* _EXERCISE DETAILS_
Please, without any pictures, set down exactly the part of the listing below that opens with the line containing "this 471×600 image." and closes with the line containing "this 480×640 image.".

##### DATASET EXCERPTS #####

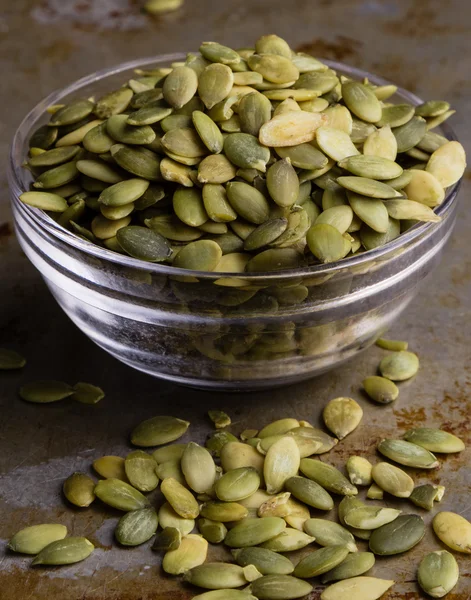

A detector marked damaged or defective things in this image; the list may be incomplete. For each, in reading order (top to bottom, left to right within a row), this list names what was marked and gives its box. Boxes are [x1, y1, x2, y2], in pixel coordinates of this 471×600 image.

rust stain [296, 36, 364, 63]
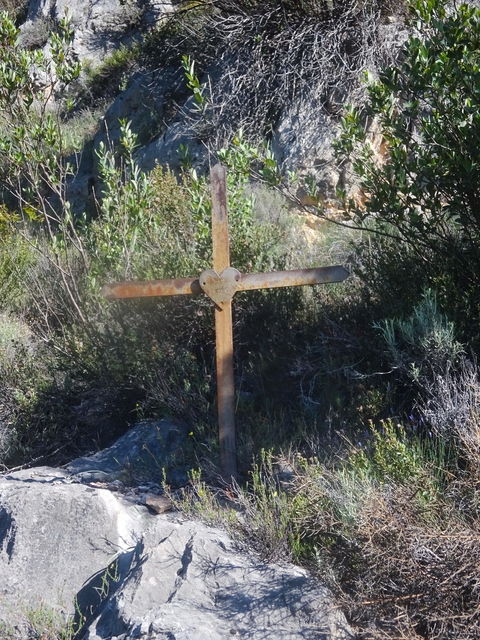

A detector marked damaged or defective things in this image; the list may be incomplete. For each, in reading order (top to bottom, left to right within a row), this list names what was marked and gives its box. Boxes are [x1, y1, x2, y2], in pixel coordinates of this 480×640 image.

#####
##### DATASET EXCERPTS #####

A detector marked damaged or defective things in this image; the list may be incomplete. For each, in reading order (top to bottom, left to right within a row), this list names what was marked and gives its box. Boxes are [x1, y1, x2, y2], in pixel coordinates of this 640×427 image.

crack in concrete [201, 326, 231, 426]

#####
##### DATASET EXCERPTS #####

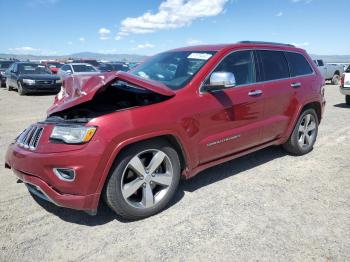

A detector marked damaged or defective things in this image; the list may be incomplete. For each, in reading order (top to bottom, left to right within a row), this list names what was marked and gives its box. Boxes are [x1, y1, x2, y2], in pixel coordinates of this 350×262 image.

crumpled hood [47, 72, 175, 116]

#####

* _REPLY_
A detector marked damaged or defective things in this image; the list may be incomplete. For each, in reading order (top to bottom, left to right within a row), this list names what was marked and gives its box. Boxes are [x1, y1, x2, y2], in pixel coordinates of this 471×600 image.

rust stain [296, 36, 364, 63]

A detector marked damaged or defective things in this image; the list may be incomplete. For each, in reading order (top to bottom, left to right within a row), this list names what was marked and gives its box. Boxes are [x1, y1, x2, y2], in pixel coordinates of this 480×640 image.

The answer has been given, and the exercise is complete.